The Coolidge is also running a selection of short films that played the Sundance Film Festival in 2010; the only one I've seen is Don Hertzfeldt's "Wisdom Teeth", but that's worth the price of admission on its own. Here's the list of what's included. It's a nice warm-up for the actual 2011 Sundance Festival, which even those of us who sure aren't going to use precious vacation time to go someplace even colder and snowier than Boston can follow, with five movies playing on demand and the Coolidge hosting a special screening of My Idiot Brother on the 27th (and yes, I don't mind telling you about it now as I already have my ticket). - Speaking of one-night screening events that I already have tickets to, the Fathom Events presentation on Thursday (20 January) is Gantz, an adaptation of the ultraviolent manga. That's roughly 75% cool, in that it's a fun comic with crazy action, and this showing is actually roughly concurrent with the film's Japanese premiere. That it's being made by the director of the cute Oblivion Island: Haruka and the Magic Mirror is also amusing. The uncool 25% is that it's being presented dubbed. Honestly, who wants that? This is a likely hard-R sort of movie whose main market is people who buy chunks of comics that they read right-to-left for authenticity's sake. We can handle subtitles.
- The MFA has final screenings of Typeface and A Walk Into the Sea this afternoon and evening, but the bulk of the week will given over to The Boston Festival of Films from Iran. The festival runs from today (14 January 2011) to roughly the end of the month, with Mondays and Tuesdays off.
- Yamla Ragla Deewana is the Bollywood film opening at Fresh Pond today - or at least, the one with English subtitles. It's apparently about a Canadian-raised Hindu who learns he has a con-artist family in Varanasi, only to become entangled in his new brother's romance with a pretty Punjabi girl. That's not including the two Tamil-language and two Telegu-language films playing various times without subtitles, of course - I only track what I have the slightest chance of understanding.
- The second-run shuffle has The Social Network hanging on at most of its venues despite being out on video already, so those of us prone to procrastination still got a chance to see it on the big screen.
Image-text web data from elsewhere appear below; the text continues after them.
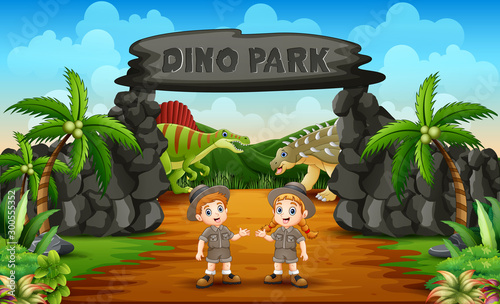 Zookeeper boy and girl on the dino park entrance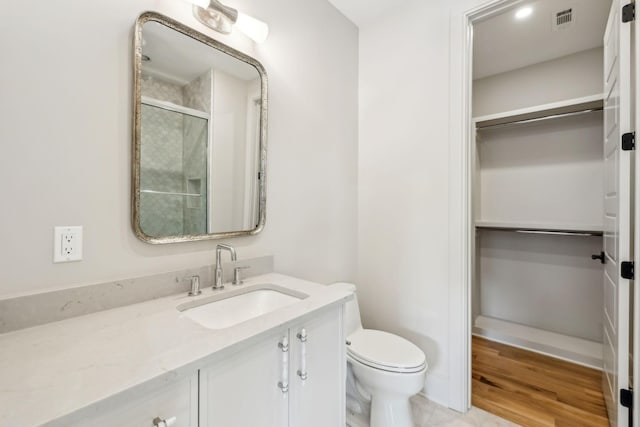 bathroom featuring vanity, visible vents, a spacious closet, toilet, and a shower with door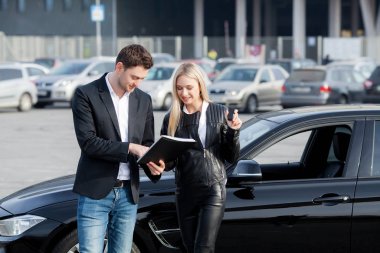 Mutlu genç çift aile için yeni bir araba seçer ve alır.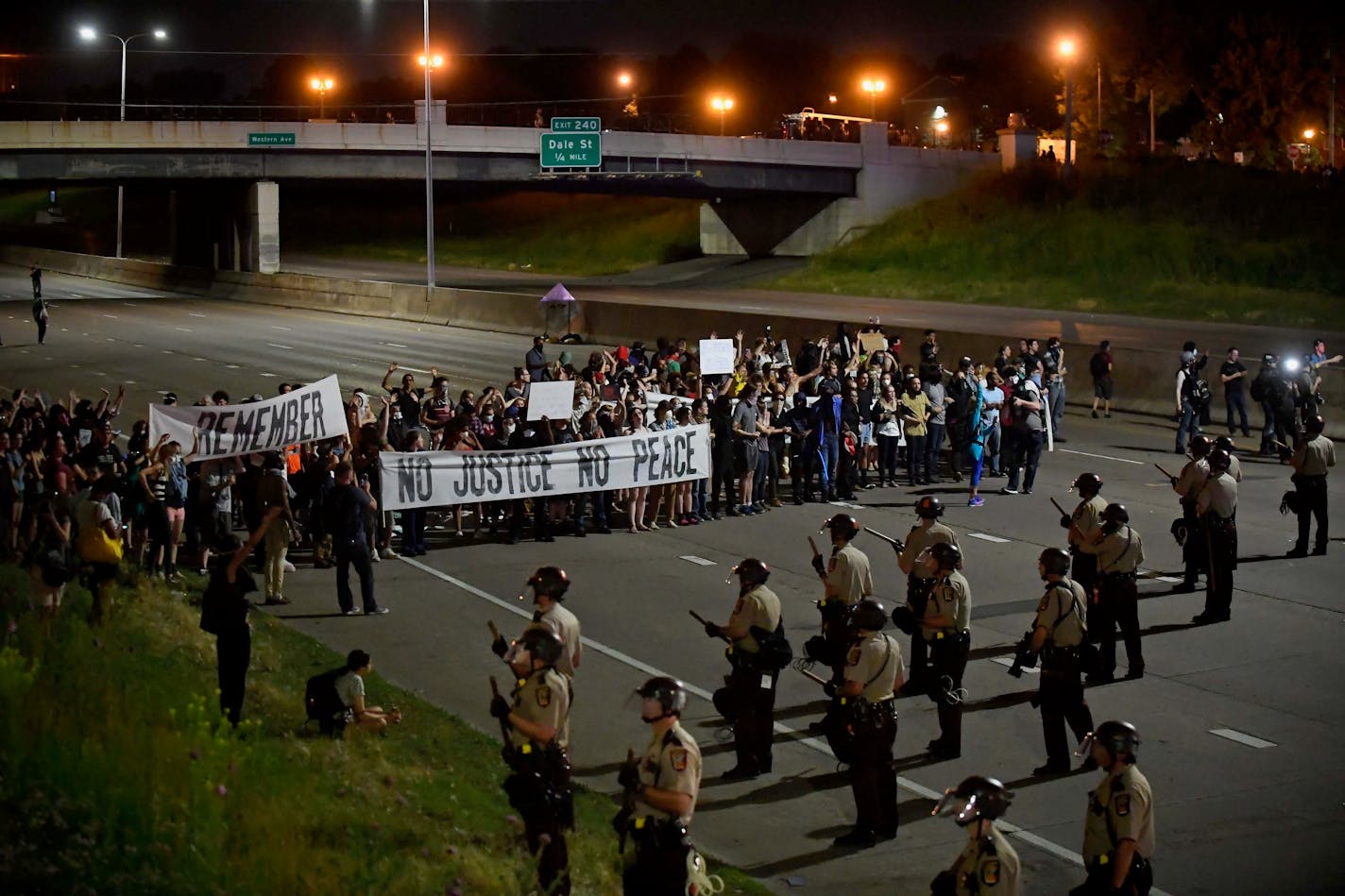 Officers met supporters of Philando Castile on Interstate 94 in St. Paul near Dale Street after leaving a vigil Friday night at the State Capitol.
The Somerville Theatre picks up The Tempest, which merits a second chance, while the Arlington Capitol gives Megamind some 3-D matinees. I hope they do the same for Tangled in a few weeks; I wouldn't mind seeing that in 3-D again.
My plans: Maybe get to that first night of Enter the Void tonight, especially if doing so means I have 23 nominations per category at tomorrow's Chlotrudis nominating meeting rather than 22. Get to a cheap-ish AM showing of Green Hornet in 3-D Saturday or Sunday morning. Fit in a couple award contenders in between then and Gantz on Thursday. Catch the Sundance shorts. Maybe actually for real start watching the screeners I've had piling up for the past couple years.